* [Your instructions] Please print exactly the lines from the line containing "Trouble de la" through the end of the data, no more, and keep pictures out of the copy.

* [Records shown]
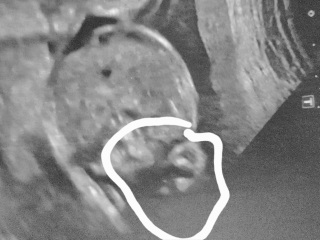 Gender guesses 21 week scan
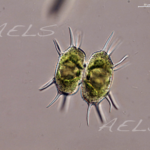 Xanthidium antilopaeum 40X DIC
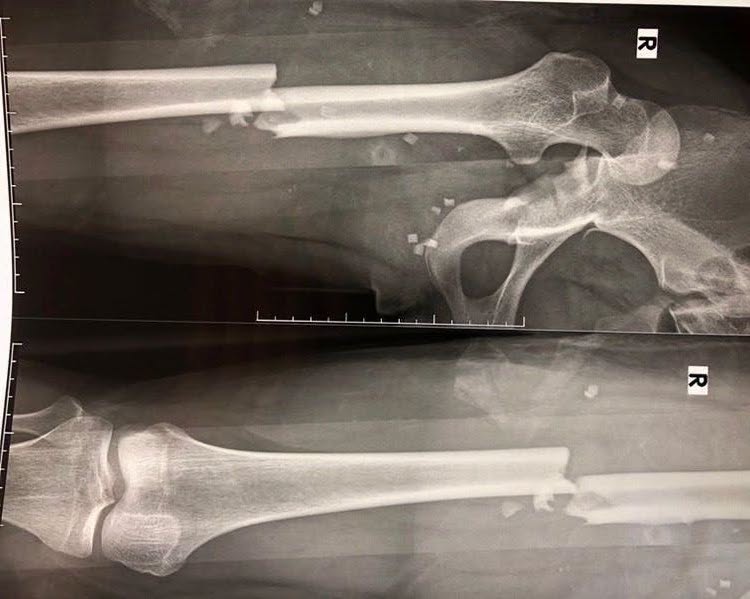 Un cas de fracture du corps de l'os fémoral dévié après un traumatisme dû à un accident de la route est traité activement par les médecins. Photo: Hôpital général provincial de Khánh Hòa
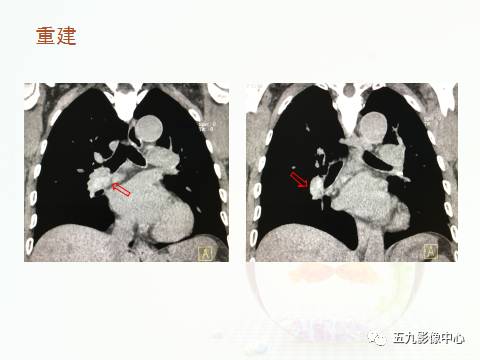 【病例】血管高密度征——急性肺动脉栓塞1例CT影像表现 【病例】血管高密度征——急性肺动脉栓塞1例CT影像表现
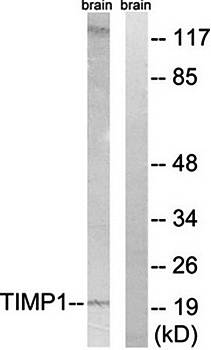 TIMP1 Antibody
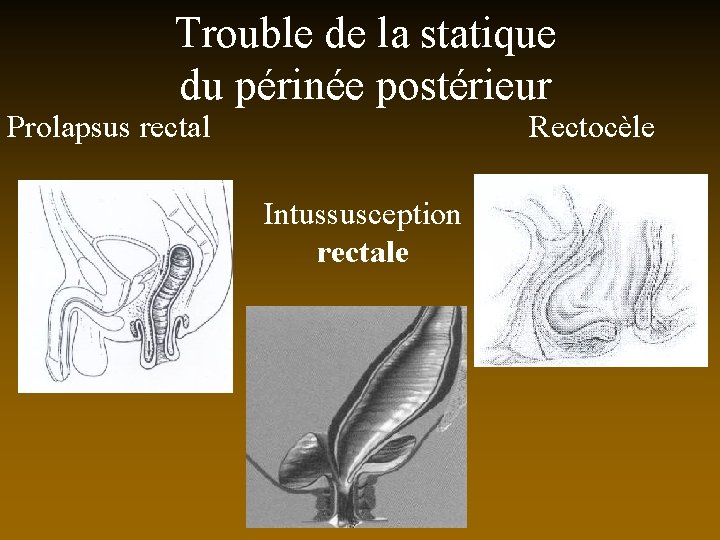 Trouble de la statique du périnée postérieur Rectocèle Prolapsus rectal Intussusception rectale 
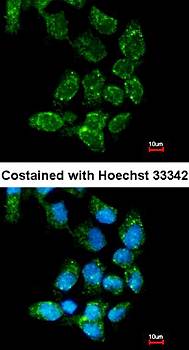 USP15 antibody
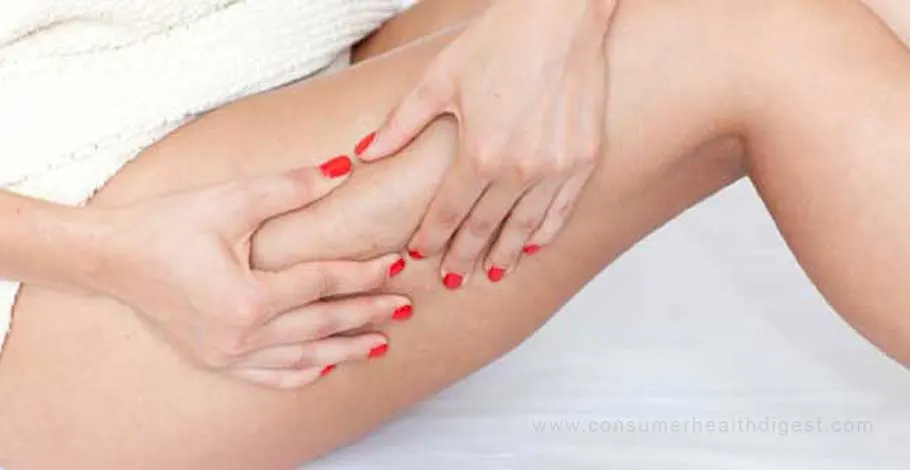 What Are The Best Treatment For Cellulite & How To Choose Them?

* [Result of the task]
 Trouble de la statique du périnée postérieur Rectocèle Prolapsus rectal Intussusception rectale 
 USP15 antibody
 What Are The Best Treatment For Cellulite & How To Choose Them?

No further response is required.